# [TASK DETAILS]
Please keep pictures out and return the lines below exactly, from the one holding "Todtv Yetersiz Destek" through the last, both included.

# [SUPPLIED DATA]
Start of Block
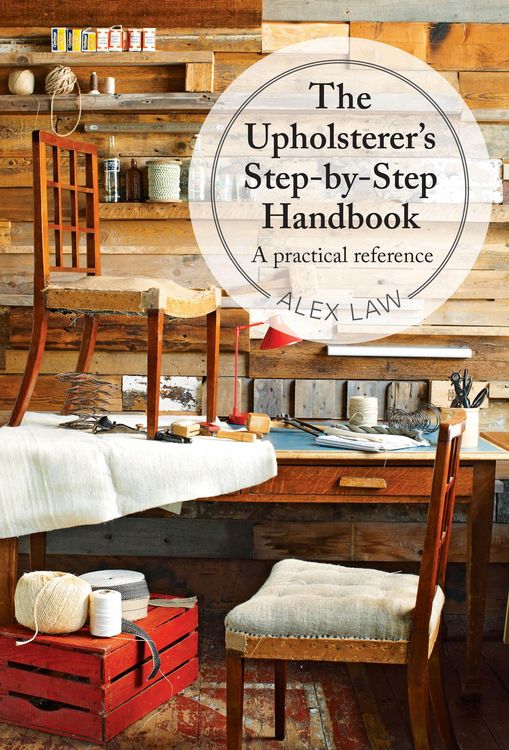 Produktbild: Law, A: Upholsterer's Step-by-Step Handbook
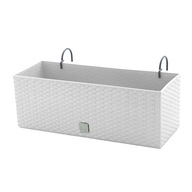 Balkónový box 50cm + úchytky Dlhý kvetináč Balkónový box 50cm + úchytky Dlhý kvetináč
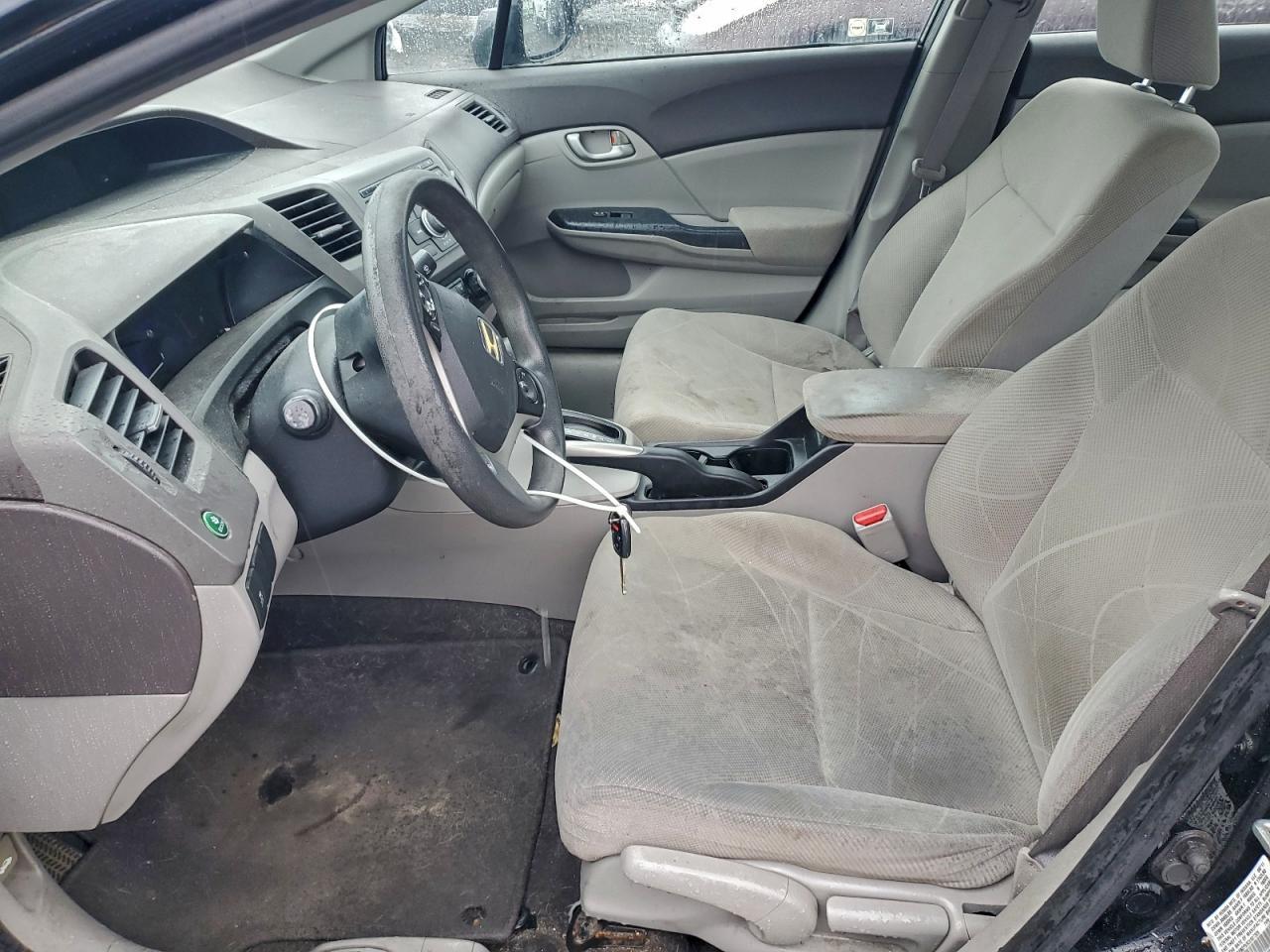 2012 Honda Civic Lx - Фото 7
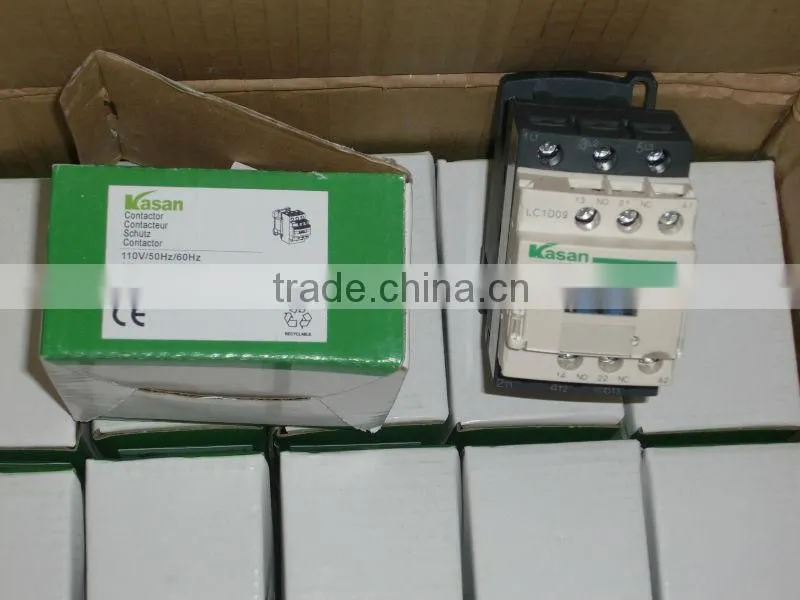CE Approved newest LC1-D AC contactor
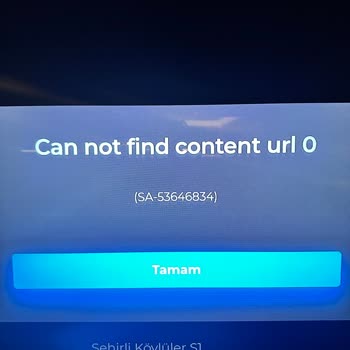 Todtv Yetersiz Destek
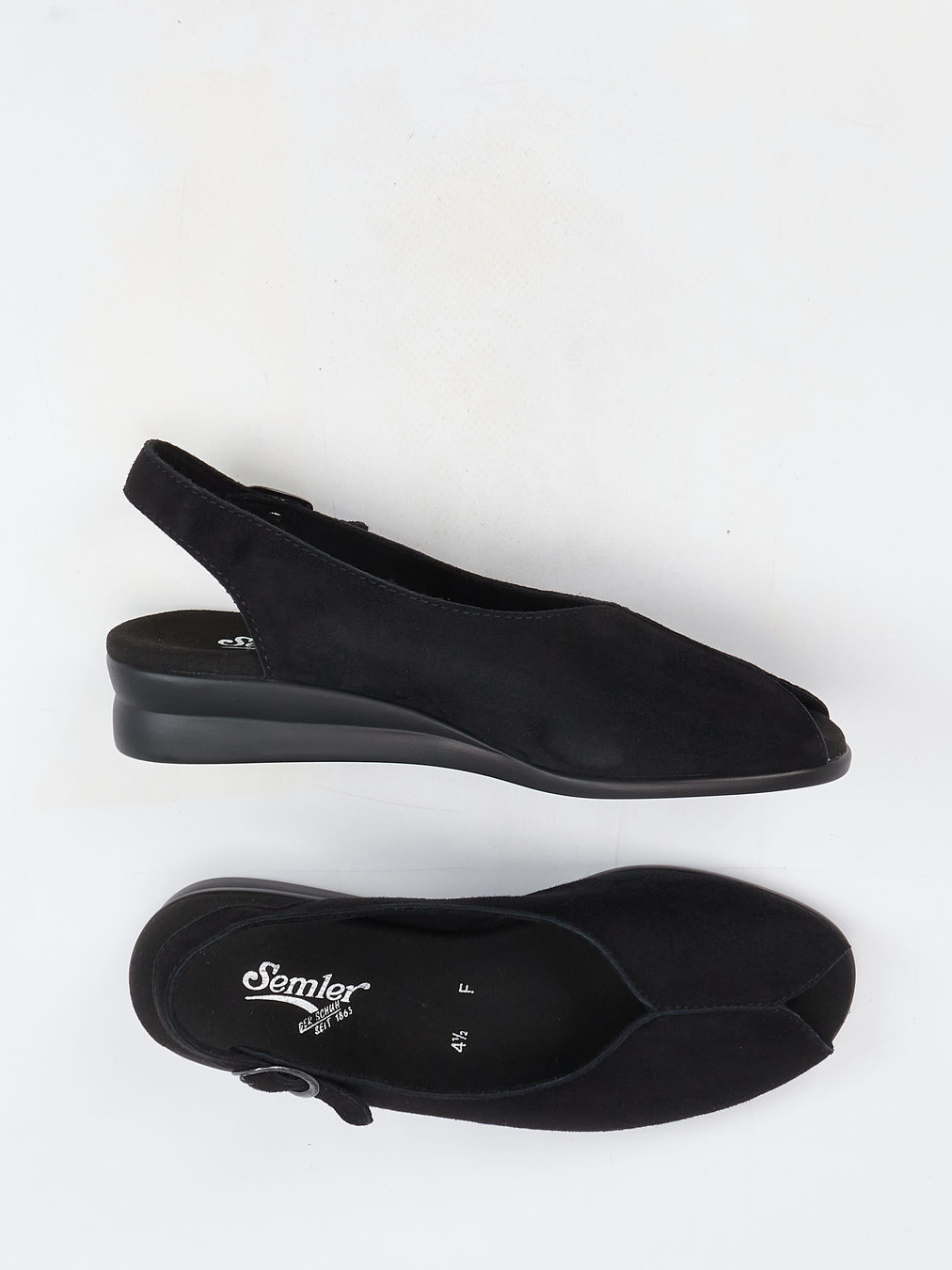 Sandalette schwarz 2202009003804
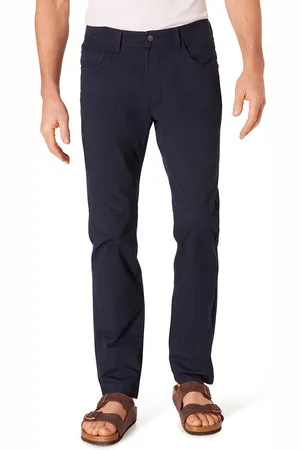 Pioneer Five-pocketsbroek Rando smalle snit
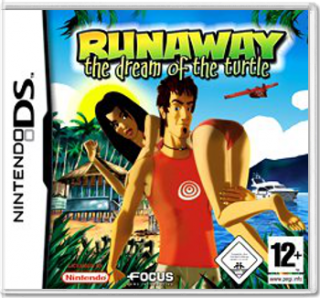 Диск Runaway: The Dream of the Turtle (без пленки) [DS]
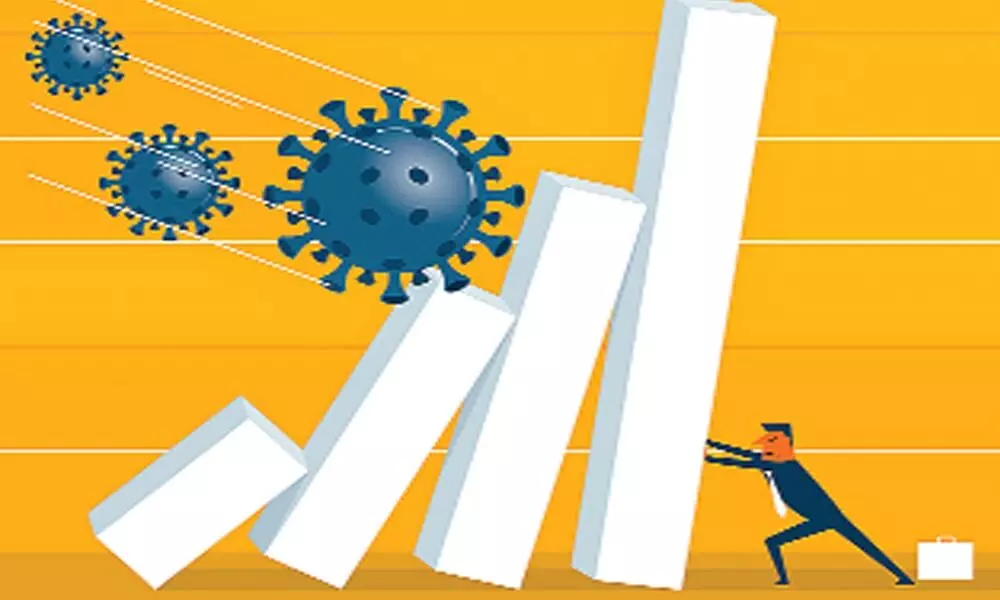 Covid 2nd wave likely to hit GDP Covid 2nd wave likely to hit GDP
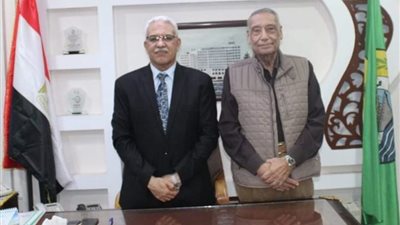 وكيل تعليم الإسماعيلية يستقبل رئيس مجلس الأمناء والمعلمين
End of Block
# [REPLY]
 Todtv Yetersiz Destek
 Sandalette schwarz 2202009003804
 Pioneer Five-pocketsbroek Rando smalle snit
 Диск Runaway: The Dream of the Turtle (без пленки) [DS]
 Covid 2nd wave likely to hit GDP Covid 2nd wave likely to hit GDP
 وكيل تعليم الإسماعيلية يستقبل رئيس مجلس الأمناء والمعلمين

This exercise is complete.